但長公主太了解他了。
這是她十月懷胎生下來的孩子,自小便懂得照顧兄長,長大一些便開始護著她的兒子。
“二郎,連你也要瞞我么”長公主揚了聲音。
“是。”陸縉沉默許久,終于還是開了口。
“多久了”
“兄長去后不久。”陸縉如實道。
“原來,你也知道這么久了。”長公主閉了閉眼,“難怪,這些年你同你父親水火不相容。”

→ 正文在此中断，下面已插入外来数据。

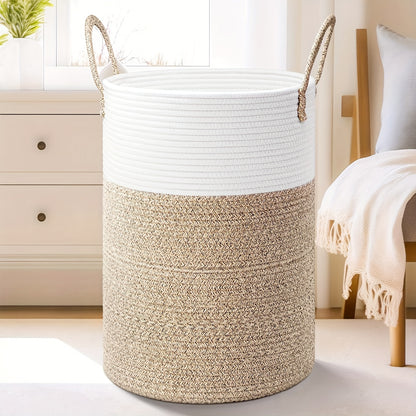 Collapsible Laundry Basket, Woven Rope Laundry Hamper, 12.15gal/15.85gal/ 21.13gal/26.42gal Laundry Bag For Decor Storage Of Dirty Clothes, And Blankets In Bathroom, Room And Living Room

陸縉攥緊了手,聲音低下去“母親,這些年瞞著你,是我的錯。”
江晚吟站在離陸縉最近的地方,很清楚的看出了他眼底的隱忍。
她一直以為像陸縉這樣的天之驕子是不會有什么煩惱的。
沒曾想他一直背負了這么多,病弱的兄長,天真的母親和強勢的父親,這些年他究竟隱忍了多少啊。
當初深夜在河邊的時候偶遇他,她只覺得奇怪。
可如今再想來,心口卻像是被人用手攥住似的,酸澀的讓她透不過氣。
然偏偏,這一切的另外一個緣由,卻是她的未婚夫,她的兄長。
但哥哥從前也過的很苦。
甚至連葬母的錢都沒有,大雪天跪在雪地里賣身為奴。
若是可以,他又何曾想以這樣的身份出生
江晚吟看向裴時序,心口又是一縮。
明明兩個人都沒錯的人,為何,會走到這步田地
可長公主更是沒錯啊。
江晚吟只覺得左右為難,正當她以為長公主要責怪陸縉的時候,長公主卻深深地自責“不怪你,二郎,是我不好,若不是我這些年身子不好,若不是我太天真,你也不必背負這么多,便是有錯,也是我這個做母親的錯。”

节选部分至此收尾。